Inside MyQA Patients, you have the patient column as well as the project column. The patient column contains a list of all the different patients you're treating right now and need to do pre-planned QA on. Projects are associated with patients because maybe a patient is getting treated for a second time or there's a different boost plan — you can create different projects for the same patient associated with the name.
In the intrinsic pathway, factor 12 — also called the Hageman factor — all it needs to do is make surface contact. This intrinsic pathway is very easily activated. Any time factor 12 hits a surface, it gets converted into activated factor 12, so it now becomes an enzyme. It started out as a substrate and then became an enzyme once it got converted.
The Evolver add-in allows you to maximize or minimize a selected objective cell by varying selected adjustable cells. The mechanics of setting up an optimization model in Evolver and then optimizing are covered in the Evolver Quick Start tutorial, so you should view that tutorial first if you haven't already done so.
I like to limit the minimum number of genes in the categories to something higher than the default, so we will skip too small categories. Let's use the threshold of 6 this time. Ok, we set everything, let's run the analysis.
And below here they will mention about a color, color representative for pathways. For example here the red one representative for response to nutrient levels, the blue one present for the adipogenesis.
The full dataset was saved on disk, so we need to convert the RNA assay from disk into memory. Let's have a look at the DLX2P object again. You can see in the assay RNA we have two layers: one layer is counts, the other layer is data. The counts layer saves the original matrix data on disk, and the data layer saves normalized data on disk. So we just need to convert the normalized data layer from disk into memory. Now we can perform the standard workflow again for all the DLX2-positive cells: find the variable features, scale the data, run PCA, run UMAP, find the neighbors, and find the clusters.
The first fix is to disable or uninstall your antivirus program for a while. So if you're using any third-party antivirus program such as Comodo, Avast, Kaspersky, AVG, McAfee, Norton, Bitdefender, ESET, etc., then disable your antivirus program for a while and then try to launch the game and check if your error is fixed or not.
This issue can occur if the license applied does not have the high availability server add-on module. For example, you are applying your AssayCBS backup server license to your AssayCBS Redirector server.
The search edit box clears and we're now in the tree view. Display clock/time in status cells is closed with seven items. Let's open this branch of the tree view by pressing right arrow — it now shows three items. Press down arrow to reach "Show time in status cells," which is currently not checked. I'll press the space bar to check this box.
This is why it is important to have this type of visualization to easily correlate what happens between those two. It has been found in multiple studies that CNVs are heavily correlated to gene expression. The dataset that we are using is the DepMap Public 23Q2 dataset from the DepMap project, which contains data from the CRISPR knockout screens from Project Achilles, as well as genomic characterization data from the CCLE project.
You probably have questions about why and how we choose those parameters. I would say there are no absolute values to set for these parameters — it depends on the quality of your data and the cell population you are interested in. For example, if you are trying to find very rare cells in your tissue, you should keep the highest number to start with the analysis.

Task to carry out: Every line of the data that holds "number" should be counted, and only the total given.

Expected answer: 2